The same is true with the Conductors. One good concert might produce a new booking with the same conductor. The conductor's opinion of you is very important. They don't just see the concert, they see everything, including the rehearsal. Perhaps then there is a respect created from both sides, and so in the best cases it can create new opportunities.

To me its just the result of time, and going slow... my method is 'slow.' I don't want or expect everything today or even tomorrow. I know that if I keep to my philosophy of practicing and working, and don't go cheap, then things will come sooner or later.

As my reputation establishes, I don't have to make any telephone calls anymore. Of course there was a time that I had to make the telephone calls just to introduce myself and let the orchestras and conductors know that I existed, but now things really happen as the result of all that slow work.
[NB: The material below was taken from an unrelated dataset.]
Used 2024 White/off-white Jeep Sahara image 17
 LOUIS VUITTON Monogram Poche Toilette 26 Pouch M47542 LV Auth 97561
Mika has performed as a soloist with several major orchestras including the Helsinki Philharmonic Orchestra (Okko Kamu - Conductor) the Lahti Sinfonia (John Storgårds - Conductor) and the Turku Philharmonic Orchestra (Tonu Kaljuste - Conductor.) In addition, he has performed in many important Chamber Music Festivals including the world-famous Kuhmo Chamber Music, Naantali Music Festival, Lahti International Organ Festival, The Sibelius Festival in Loviisa, Tuusula-Lake Chamber Music, Korsholm Music Festival and others.
You are now teaching the accordion at the Sibelius Academy in Helsinki. How many students do you have?
Each year it changes a bit. I won't know the exact enrollments for next year for a few more weeks yet, but usually it is between five and nine students.
You once told me how important it is to you to offer guidance to your students while studying with you. Tell us a little bit about this.
Planning for a student's future is done on a very individual basis. Some of the students don't need so much planning as they will automatically find their own way. However, some students might need some honest advice and discussion about their true possibilities. It could be so, that a student is truly looking in the wrong direction. For example, maybe a student wants to be a concert artist, but it might be obvious that this is not a possibility. However, that particular student might seem to have an exceptional pedagogical ability, so my work is to go slowly and gently to that direction.

Teaching itself is half teaching and the other half being a psychologist. I do think a lot about it, but on the other hand teaching is work, and so it has to be.

I don't always take these things everyday to my home. When I am at work, I work very hard and think about everything. I even think about it to and from work, but once at home, I have to focus on other things, I have to cut it off.

I still consider that I am teaching as a sideline. I consider myself a performing artist and so my first job is to practice, my second job is to perform and then teaching and the other things fall into place after that.
You are undoubtedly the most recorded accordion artists of today. When did you record you first CD?
It was quite soon after winning the 1989 CIA Coupe Mondiale in Luzerne, Switzerland. It was the next year I got my first opportunity to record my first CD. which was great luck.

Someone actually came to ask me to do it. I was very fortunate. After that it has happened like almost everything in my life - slowly.

I have to consult with the recording companies to see if they want to record a project, but so far I have been able to record every project I was interest in.
Since then you have recorded 13 CD's on such labels as Finlandia Records/Warner Classics, JVC Victor Japan, ALBA, Naxos and CPO. How is the process initiated in terms of getting the CD Label to commit to the project?
Each Label seems to have a certain kind of philosophy of what they are doing. One Label is more traditional whereas another Label can be a little more avant-garde. The projects I have done so far, seem to have fit in quite naturally with each Label's catalog.

Nowadays I am quite familiar with the various Labels and what kind of profile that Label has. I understand what they are interested in and what they are not interested in, so its quite easy.

I have not been met with any resistance to any of my projects, but again, it has been developing as has everything in my life... slowly!